There
are two uses of the word Compression in the world of digital audio. The
first is dynamic compression. This is where we want to increase the
volume of a track, but in doing so we make the loudest bits so
loud that their signal level is larger than the maximum value the
format can encode. Here we would use “dynamic compression” to
selectively reduce the gain on those loudest passages so that they fit
inside the available headroom. This note is not about dynamic
compression. Instead it is all about file compression.
File
compression is a process that takes a computer file which takes up a
certain number of Megabytes of storage space, and manipulates it so it
takes up a lesser number of Megabytes. Ideally, but not necessarily
always, this compression is lossless, by which we mean that identical
raw data can be extracted from both the original file and the compressed
file. There are two reasons for wanting to do this. To reduce the
amount of storage space required to store the file, and to reduce the
bandwidth required to transmit a file from one place to another within a
constrained amount of time.
Most of the time, we find that
everyday computer files can be readily compressed. Why is this? In the
software world, the format of a file is typically chosen so as to allow
the computer to write data to the file, and read data from the file, in
an efficient manner. Scant regard is often paid to the resultant
efficiency of data storage. An example might be a simple text file. A
simple ASCII character set uses only 7 bits to encode it. However,
computer files are typically written in chunks of 8-bits, called Bytes.

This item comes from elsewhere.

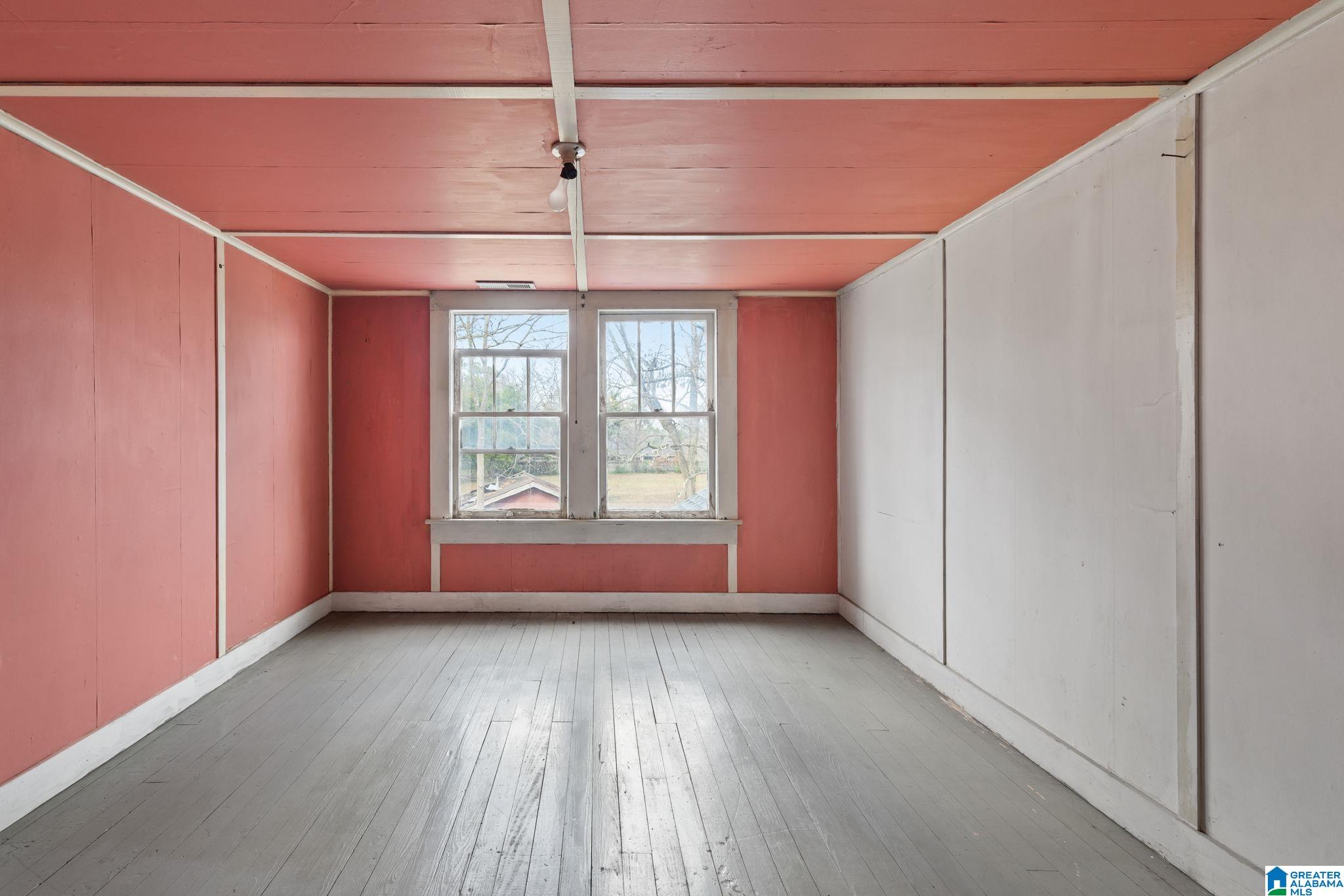 MLS #21438735 img 25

So every time we want to write a character we use up 8 bits of storage
when in practice we only needed 7 bits. A simple file compression
technique can use this observation to recover the unused storage space
and reduce the file size by one eighth. With more complex file
structures, a general-purpose strategy is not so obvious. Native music
file formats are similarly inefficient.
Anybody who has used a
zipping program to make a ZIP file to transmit a file over the Internet
will be familiar with lossless compression. A ZIP file is a
general-purpose lossless file compression utility. Some files, for
example Bitmap (BMP) image files will compress very nicely into much
smaller ZIP files. On the other hand, files such a JPG images are very
seldom reduced at all in file size by zipping. This is because the file
format used for BMP files is particularly inefficient, whereas by
contrast the file format for JPG files is highly efficient. In
principle, any computer file can be reduced in size by a well-chosen
lossless compression utility, unless the file format was specified to be
efficiently compressed in the first place.
In general, the
more we know about a file, and about the data that the file contains,
the more freedom we can have in selecting an optimum strategy to
compress it. With music files there are number of attributes that can
be exploited to effect lossless compression. Here are two of the easier
to describe attributes: (i) Because music files encode a waveform, and
because the waveform is not totally random (in which case it would be
noise, not music), we can use the waveform’s immediate past to predict
what its immediate future might look like, and encode instead the
differences between the predictions and the actual values. This is used
very effectively in many well-known lossless encoders. (ii) Stereo
music, content is dominated by centred images which contain identical
information in the right and left channels. If instead of encoding L
and R, we encode L+R and L-R we find we end up with waveforms that are
more readily susceptible to other compression methodologies.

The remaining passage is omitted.